### Data records:
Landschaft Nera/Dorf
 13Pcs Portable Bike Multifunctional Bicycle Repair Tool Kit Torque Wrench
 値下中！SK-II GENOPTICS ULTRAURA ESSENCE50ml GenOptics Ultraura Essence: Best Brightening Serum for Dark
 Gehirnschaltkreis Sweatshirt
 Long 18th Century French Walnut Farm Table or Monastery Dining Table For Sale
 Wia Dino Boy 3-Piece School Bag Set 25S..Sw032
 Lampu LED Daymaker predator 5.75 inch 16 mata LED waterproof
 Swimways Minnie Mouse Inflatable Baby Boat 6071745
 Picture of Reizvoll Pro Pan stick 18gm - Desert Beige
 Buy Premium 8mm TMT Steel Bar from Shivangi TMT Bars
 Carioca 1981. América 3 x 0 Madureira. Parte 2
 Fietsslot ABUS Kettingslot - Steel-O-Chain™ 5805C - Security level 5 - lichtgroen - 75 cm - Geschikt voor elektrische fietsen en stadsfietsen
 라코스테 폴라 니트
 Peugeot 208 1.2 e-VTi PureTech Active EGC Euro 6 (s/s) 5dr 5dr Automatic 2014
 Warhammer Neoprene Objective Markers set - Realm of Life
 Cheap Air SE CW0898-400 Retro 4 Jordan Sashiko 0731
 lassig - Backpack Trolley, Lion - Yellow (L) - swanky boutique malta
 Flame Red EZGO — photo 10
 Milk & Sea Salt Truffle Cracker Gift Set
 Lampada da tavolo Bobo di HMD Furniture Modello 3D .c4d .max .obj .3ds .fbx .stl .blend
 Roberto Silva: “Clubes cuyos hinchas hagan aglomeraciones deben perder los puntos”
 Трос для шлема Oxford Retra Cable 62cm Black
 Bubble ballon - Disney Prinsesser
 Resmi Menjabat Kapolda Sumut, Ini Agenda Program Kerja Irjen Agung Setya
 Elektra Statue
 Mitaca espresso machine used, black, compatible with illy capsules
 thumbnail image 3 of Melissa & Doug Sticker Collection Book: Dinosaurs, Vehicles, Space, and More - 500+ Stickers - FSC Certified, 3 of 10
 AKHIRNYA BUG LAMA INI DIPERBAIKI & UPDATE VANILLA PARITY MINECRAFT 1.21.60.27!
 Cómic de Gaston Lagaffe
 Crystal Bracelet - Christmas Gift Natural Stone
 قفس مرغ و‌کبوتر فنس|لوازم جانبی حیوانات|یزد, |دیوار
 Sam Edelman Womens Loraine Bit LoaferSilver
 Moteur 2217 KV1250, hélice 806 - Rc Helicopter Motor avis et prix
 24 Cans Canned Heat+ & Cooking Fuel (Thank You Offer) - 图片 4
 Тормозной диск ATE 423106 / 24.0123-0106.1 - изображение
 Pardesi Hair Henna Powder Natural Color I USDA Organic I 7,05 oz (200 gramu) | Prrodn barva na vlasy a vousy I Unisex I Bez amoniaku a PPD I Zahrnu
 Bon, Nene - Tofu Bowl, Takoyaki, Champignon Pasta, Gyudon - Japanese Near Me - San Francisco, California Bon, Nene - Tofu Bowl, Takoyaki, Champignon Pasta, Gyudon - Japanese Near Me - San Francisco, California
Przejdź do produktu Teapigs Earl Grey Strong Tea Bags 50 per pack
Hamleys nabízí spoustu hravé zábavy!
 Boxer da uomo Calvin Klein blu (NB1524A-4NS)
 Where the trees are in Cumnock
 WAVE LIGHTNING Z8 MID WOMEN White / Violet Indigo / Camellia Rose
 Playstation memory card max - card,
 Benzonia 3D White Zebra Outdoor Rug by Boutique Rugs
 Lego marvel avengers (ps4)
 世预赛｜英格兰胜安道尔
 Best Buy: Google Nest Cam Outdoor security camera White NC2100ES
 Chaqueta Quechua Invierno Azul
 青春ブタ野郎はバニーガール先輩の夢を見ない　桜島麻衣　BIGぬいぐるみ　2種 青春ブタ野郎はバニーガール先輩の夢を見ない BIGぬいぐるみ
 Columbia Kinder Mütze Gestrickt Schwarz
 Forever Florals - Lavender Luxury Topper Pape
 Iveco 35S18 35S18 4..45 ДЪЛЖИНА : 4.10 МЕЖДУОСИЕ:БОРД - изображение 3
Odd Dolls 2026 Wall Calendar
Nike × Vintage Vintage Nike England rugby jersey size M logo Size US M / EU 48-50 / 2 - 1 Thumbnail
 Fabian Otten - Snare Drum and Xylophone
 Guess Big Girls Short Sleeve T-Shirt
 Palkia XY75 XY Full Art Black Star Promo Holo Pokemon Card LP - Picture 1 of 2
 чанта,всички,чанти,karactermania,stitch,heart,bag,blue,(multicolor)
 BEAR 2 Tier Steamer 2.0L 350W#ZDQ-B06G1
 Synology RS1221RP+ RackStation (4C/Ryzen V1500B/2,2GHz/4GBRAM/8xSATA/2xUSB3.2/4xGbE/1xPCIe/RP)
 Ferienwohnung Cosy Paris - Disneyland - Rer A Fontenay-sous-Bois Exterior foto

### About this task:
If a line in the entries above contains "Gift", report it.

### Solution to the problem:
 Milk & Sea Salt Truffle Cracker Gift Set
 Crystal Bracelet - Christmas Gift Natural Stone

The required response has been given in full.